[Items from a data source]
================

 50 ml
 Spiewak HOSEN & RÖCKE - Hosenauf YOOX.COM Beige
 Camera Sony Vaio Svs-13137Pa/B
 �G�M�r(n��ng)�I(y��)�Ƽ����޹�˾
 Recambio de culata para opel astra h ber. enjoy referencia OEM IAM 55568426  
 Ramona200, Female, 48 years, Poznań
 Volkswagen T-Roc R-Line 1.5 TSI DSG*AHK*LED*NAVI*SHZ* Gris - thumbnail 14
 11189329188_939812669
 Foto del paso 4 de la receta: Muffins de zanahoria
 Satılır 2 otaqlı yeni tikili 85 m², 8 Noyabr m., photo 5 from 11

================

Prompt
Every line above should be printed again exactly as it stands.

Worked solution
 50 ml
 Spiewak HOSEN & RÖCKE - Hosenauf YOOX.COM Beige
 Camera Sony Vaio Svs-13137Pa/B
 �G�M�r(n��ng)�I(y��)�Ƽ����޹�˾
 Recambio de culata para opel astra h ber. enjoy referencia OEM IAM 55568426  
 Ramona200, Female, 48 years, Poznań
 Volkswagen T-Roc R-Line 1.5 TSI DSG*AHK*LED*NAVI*SHZ* Gris - thumbnail 14
 11189329188_939812669
 Foto del paso 4 de la receta: Muffins de zanahoria
 Satılır 2 otaqlı yeni tikili 85 m², 8 Noyabr m., photo 5 from 11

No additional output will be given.